In the summer of 1909 he designed and built a working glider and made several successful flights in it. He based the glider entirely on plans and pictures of the gliders of Otto Lilienthal, the German who was the world's first true aviator Ralph Barnaby had never seen a glider in real life.

In 1910 he met the Wrights, and after high school he attended Columbia University majoring in mechanical engineering. During that time he was active in the MOdel Aero Club, a Club that attracted many early aviators and also allowed Barnaby the chance to meet Alexander Graham Bell and Hudson Maxim (inventor of Silencers for firearms).

In 1917, after a two-year stint as an engineer for the Elco Boat Works. Barnaby entered the U.S. Navy.Though he wanted to be a flier he ended up as an airplane inspector, going to Europe during World War I to investigate parts shortages. There he uncovered a foul-up of shipping and supplying errors and even sabotage that kept American aircraft on the ground and out of the skies. After the war he remained in the Navy, eventually becoming a pilot of powered airplanes, though his first love continued to be gliders. Barnaby remained in the Navy until his retirement in 1947 and during his service instituted the Army-Navy Standardization Board, which continues to this day.

The last of Captain Barnaby's aviation impressions was when he worked at the Franklin Institute in Philadelphia, Pa. as the curator of aeronautics, where his job is to preserve all the notebooks and artifacts bequeathed by his old friend Orville Wright to the Institute at his death in 1948. The then 85-year-old Barnaby was interviewed for OMNI in 1978 by fellow Early Bird pilot Paul Garber, historian Emeritus of the National Air and Space Museum at the Smithsonian Institution in Washington, D.C.

Image of Ralph Barnaby

Q: What did you think of the Wright brothers?

A: They were wonderful men. And very fortunate in their choice of parents. Their father was Bishop Wright of the United Brethren Church. He was a very strict man and a man of definite principles and religious beliefs. Yet he felt that his boys should do what they wanted to do. They would come to him and say "I want to buy a bicycle." And he would say "Okay. When you have earned enough money to buy a bicycle, you buy a bicycle." He told them they could do anything they wanted, as long as they found the money to do it with. He wasn't going to finance them. And, as a matter of fact, that was one of their great characteristics. One of the biggest mysteries in aviation was that no one could find out who was financing the Wright brothers. Who was behind them? The truth was they never accepted a penny from anybody. Their bicycle shop supported them.

Q: I understand that the cost of the Kitty Hawk flier was less than a thousand dollars. including round trip tickets from Dayton, Ohio.

A: That's true. And yet a few years ago the Air Force Association wanted to have a replica made for the Kitty Hawk memorial. They canvassed the big aircraft companies, and the lowest bid they got Was One million dollars.

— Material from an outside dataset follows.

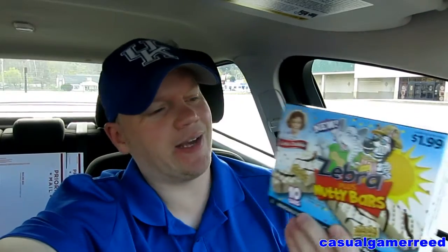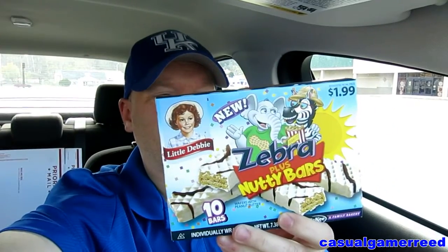We have the Zebra Plus Nutty Bar cakes from Little Debbie — a zebra cake mixed with a nutty bar, brand new from Little Debbie. It looks great, smells great, and it's a great idea. I love Little Debbie Nutty Bars and I love Little Debbie Zebra Cakes. Put those two together, you've got the perfect marriage.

Q: What do you think was the most important factor in the Wrights being the first to fly?

A: Well, I think Wilbur Wright stated it very well in one of his early letters in which he says that man already knows how to build structures light enough and strong enough and with wing area enough to support them in the air. We know how to build power plants light enough, powerful enough to drive the structures through the air. The thing we don't know is how to control them in flight. And on top of all that, there isn't anyone who knows how to fly. It's interesting to note that the Wright brothers, of all their predecessors, all the men who tried to fly before them, were the only ones who were skilled pilots and had several hours of flying with the control system they invented. That was the secret. They had to have a three-axis controlling system pitch, yaw and roll. They developed all of that and got in hours of flying with the system before attempting to fly their airplane.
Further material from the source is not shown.